# Contra Costa County Prosecution Data

###  Notebook originally written by by Umesh Thillaivasan & Dhruv Madaan
### Adapted by Chris Kaiser-Nyman with assistance from Anderson Lam

# Setup

First, let's make sure this notebook works well in both python 2 and 3, import a few common packages, ensure MatplotLib plots figures inline and prepare a function to save the figures:

In [2]:
import os
cwd = os.getcwd()
cwd

'/Users/chris/Desktop/CCC Data Project'

In [3]:
# To support both python 2 and python 3
from __future__ import division, print_function, unicode_literals

# Common imports
import numpy as np
import pandas as pd
import datetime as dt
import seaborn as sns
import os
import chardet

#import fuzzywuzzy
#from fuzzywuzzy import fuzz
#from fuzzywuzzy import process

# to make this notebook's output stable across runs
np.random.seed(42)

# To plot pretty figures
%matplotlib inline
import matplotlib
import matplotlib.pyplot as plt
plt.rcParams['axes.labelsize'] = 14
plt.rcParams['xtick.labelsize'] = 12
plt.rcParams['ytick.labelsize'] = 12

# Ignore useless warnings (see SciPy issue #5998)
import warnings
warnings.filterwarnings(action="ignore", module="scipy", message="^internal gelsd")

print ("Setup Complete.")

Setup Complete.


# Data Wrangling

The court data file received requires a lot of cleaning. Let's first read in the data and take a look at what we are dealing with.

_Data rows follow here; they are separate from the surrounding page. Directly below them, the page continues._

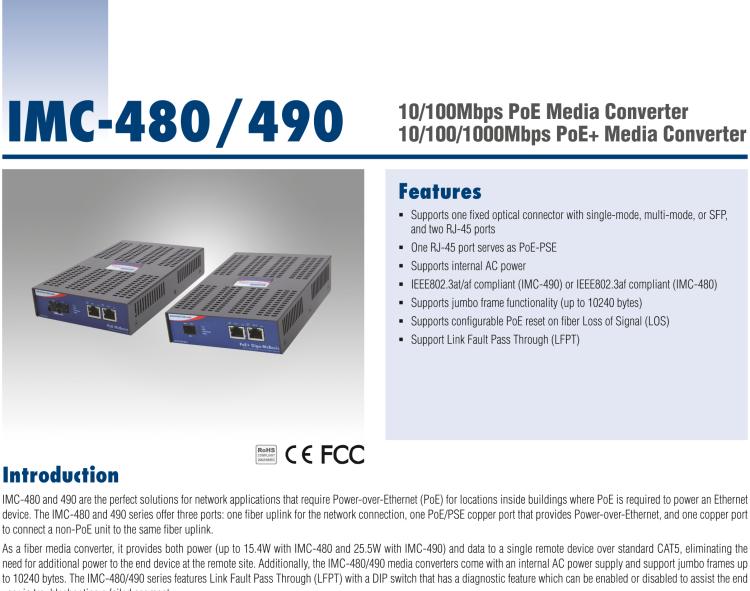 研華IMC-480-SEST-US Standalone PoE Media Converter, 100Mbps, Single mode 1310nm, 40km, ST, AC adapter (also known as PoE McBasic 852-11716)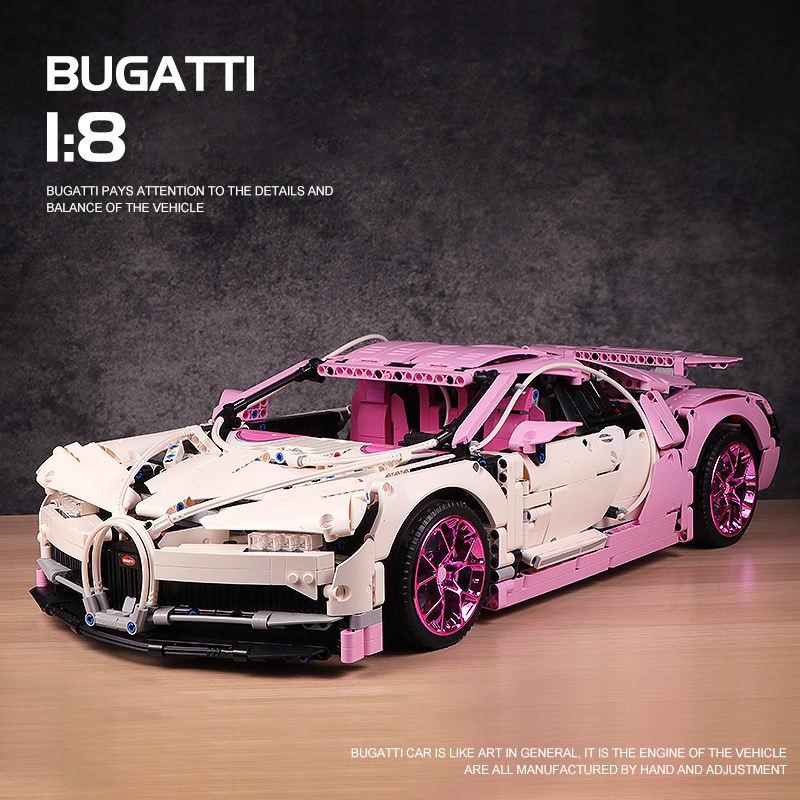 KING 55665 Moc Technic 1:8 static version BUG ATTI Pink Sports Car Building Blocks 4031Pcs Bricks Toys From China.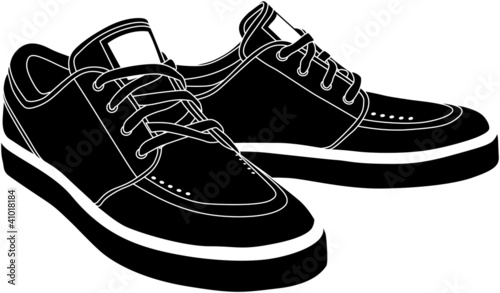 vector black sport shoes, sneakers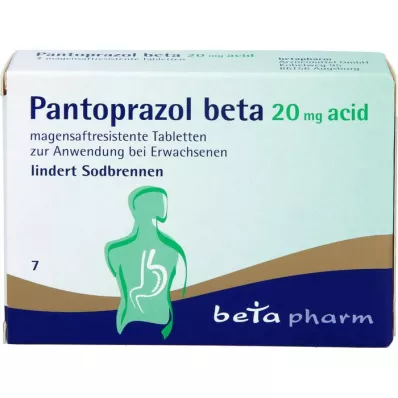 PANTOPRAZOL beta 20 mg sure enterotabletter, 7 stk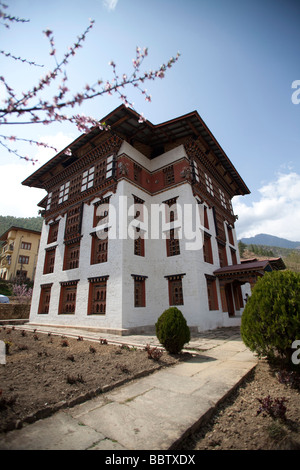 Nationale Bibliothek von Bhutan Gebäude Tashi Chho Dzong Thimphu Stockfoto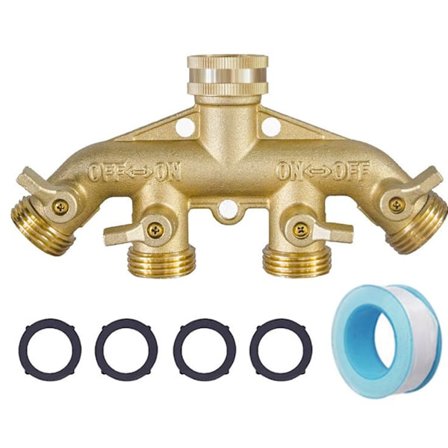 Mässing 4-vägs krankoppling, 3/4" trädgårdskranfördelare, slangdelare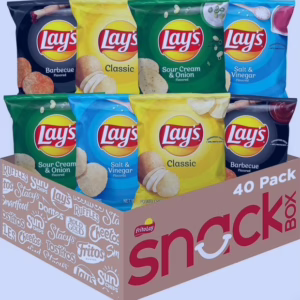 Box of Snack Chips for Charter Guests – Dos Reyes Roatán - Dos Reyes Roatan Charter Box full of assorted snack chips prepared for Dos Reyes Roatán charter guests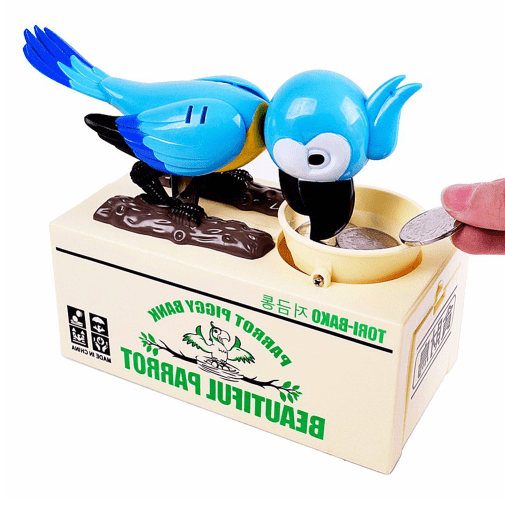 AUR Detská pokladnička papagáj - modrá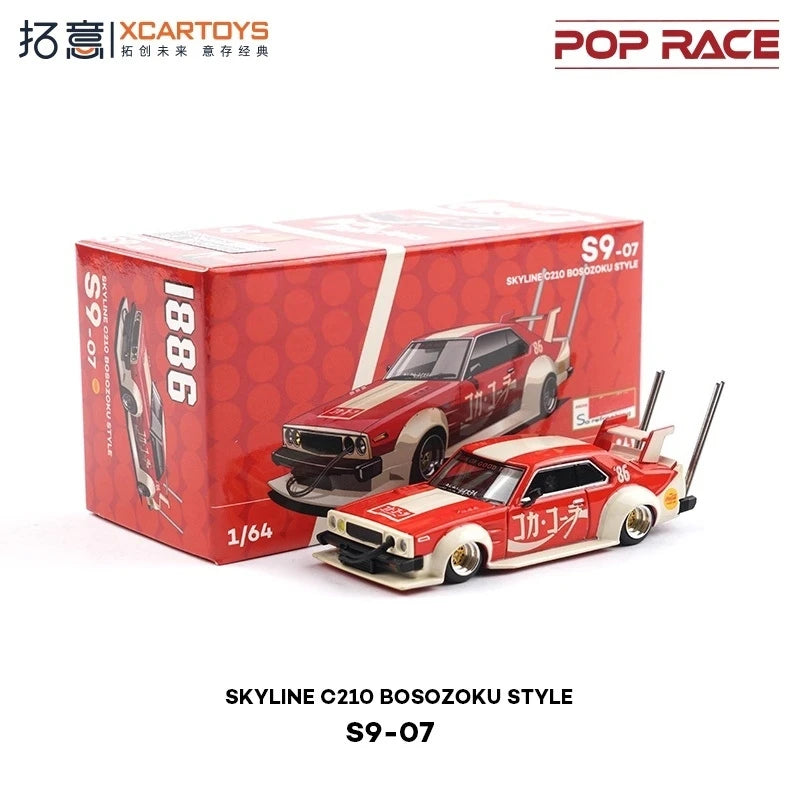 Xcartoys x Pop Race 1:64 EVA RT TYPE-08 087X PANDEM S13 SINGER SKYLINE GTR V8 DRIFT Diecast Model Car
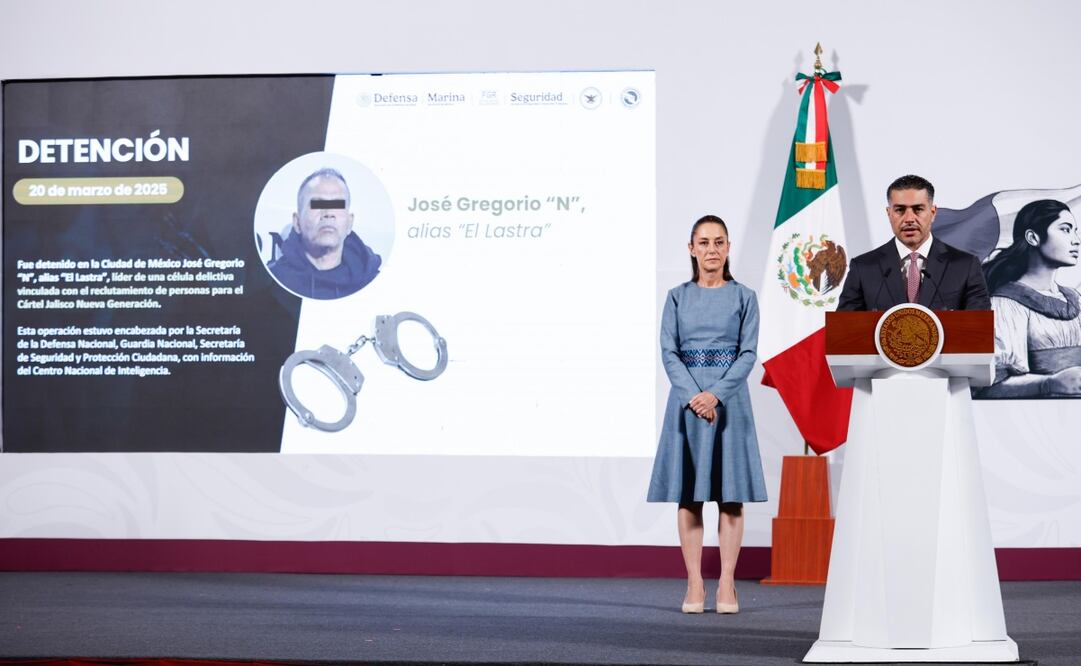 Omar García Harfuch destaca la detención de "El Lastra", implicado en el caso Teuchitlán. Foto: Diego Simón/EL UNIVERSAL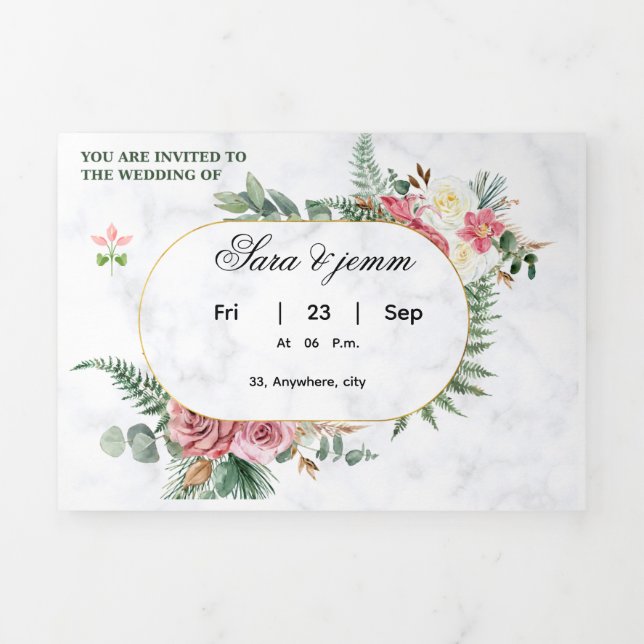 Elegant Floral Wedding Invitation with Gold Oval F (Cover)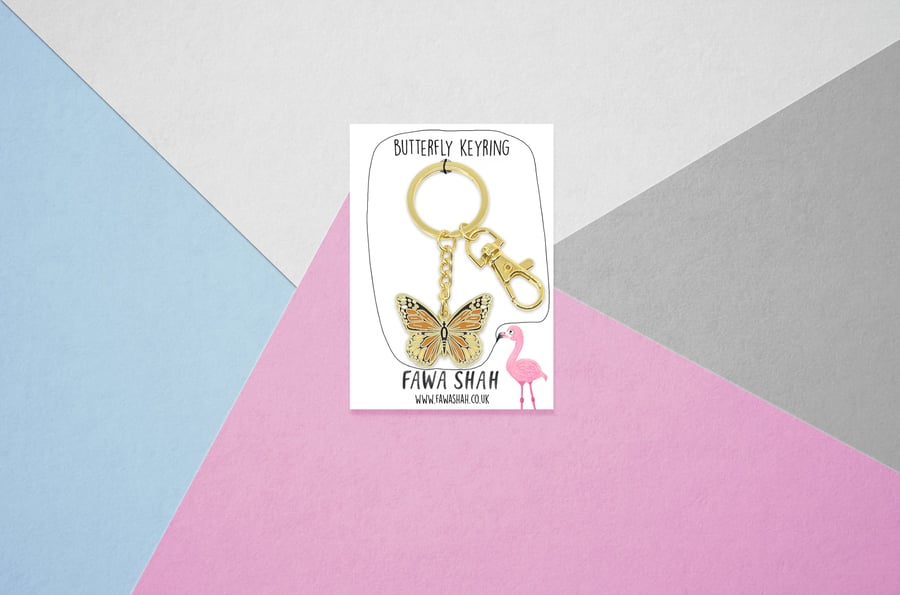 Monarch Butterfly Keyring - Hard Enamel - Jewellery
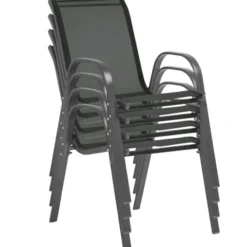 Salon de jardin bois et gris anthracite avec table extensible et 12 chaises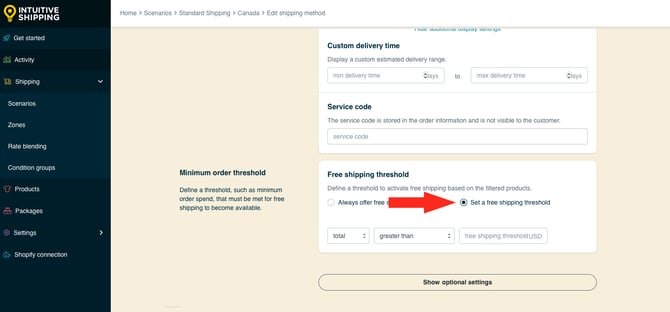 IS HS Free Shipping Methods - Set Free Shipping Threshold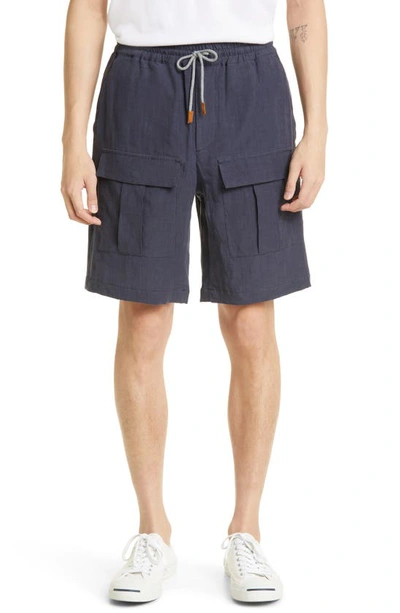 Eleventy Linen Cargo Bermuda Shorts In Blue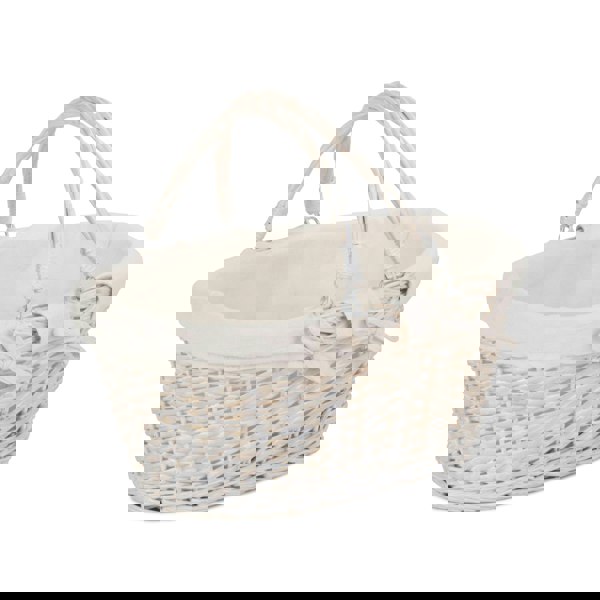 Small White Swing Handle Wicker Shopper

Read in the data into a dataframe called court_df.
IF PULLING THIS PROJECT FROM THE GITHUB REPOSITORY: the necessary file is located in a release here: https://github.com/christopherkn/charge-data/releases/download/v1.1/Contra.Costa.Court.Data.Depersonalized.-.Manually.Cleaned.csv

In [4]:
data_file_location = 'Contra Costa Court Data (Depersonalized) - Manually Cleaned.csv'
print (data_file_location)

Contra Costa Court Data (Depersonalized) - Manually Cleaned.csv


In [5]:
# Skip the first 2 rows as the data file has a multi-row header
court_df = pd.read_csv('Contra Costa Court Data (Depersonalized) - Manually Cleaned.csv', skiprows=2, usecols=range(1,443), skipinitialspace=True, index_col=None, low_memory=False)
court_df.head()

Unnamed: 0,R,S,99999,CITY,20000101,1,CHARGE 1,S.1,DSP,SPLIT 1 1,...,Unnamed: 433,Unnamed: 434,Unnamed: 435,Unnamed: 436,Unnamed: 437,Unnamed: 438,Unnamed: 439,Unnamed: 440,Unnamed: 441,Unnamed: 442
0,W,M,94550,LIVERMORE,20010517,1,CVC 23152(a),M,G,/0003Y,...,,,,,,,,,,
1,H,M,94804,RICHMOND,20061227,1,PC 12031(a)(1),M,DSM,,...,,,,,,,,,,
2,,,94804,RICHMOND,19980403,1,PC 459-460(b),F,G,/0003Y,...,,,,,,,,,,
3,B,F,94565,PITTSBURG,19990209,1,H&S 1135O(a),F,DSM,,...,,,,,,,,,,
4,,,4553000000,MARTINEZ,20110726,1,PC 459/460(b),F,G,/0003Y,...,,,,,,,,,,


What is the shape of our data?

In [6]:
court_df.shape

(276232, 442)

In [7]:
court_df.info()

<class 'pandas.core.frame.DataFrame'>
RangeIndex: 276232 entries, 0 to 276231
Columns: 442 entries, R to Unnamed: 442
dtypes: float64(198), int64(24), object(220)
memory usage: 931.5+ MB


We can see that the orignal file has a shape of 276,232 rows, and 442 columns. We know that this is wrong as the original file only has 296 columns, but we will deal with this later.

## Column Headers

In [8]:
headers = pd.read_csv(data_file_location, skipinitialspace=True, usecols=range(1,443), mangle_dupe_cols=True, header=None, na_filter=False, 
                      nrows=2, index_col=None, low_memory=False)
headers

Unnamed: 0,1,2,3,4,5,6,7,8,9,10,...,433,434,435,436,437,438,439,440,441,442
0,,,ZIP,,COURT,,,,,JAIL/PROB,...,,,,,,,,,,
1,RACE,GENDER,CODE,CITY,FILE DATE,COUNT,CHARGE CODE 1,SEVERITY,DISPOSTION,1,...,,,,,,,,,,


Since the original data has 2 header rows, we will read those rows in separately, then merge them and rename the court_df column names.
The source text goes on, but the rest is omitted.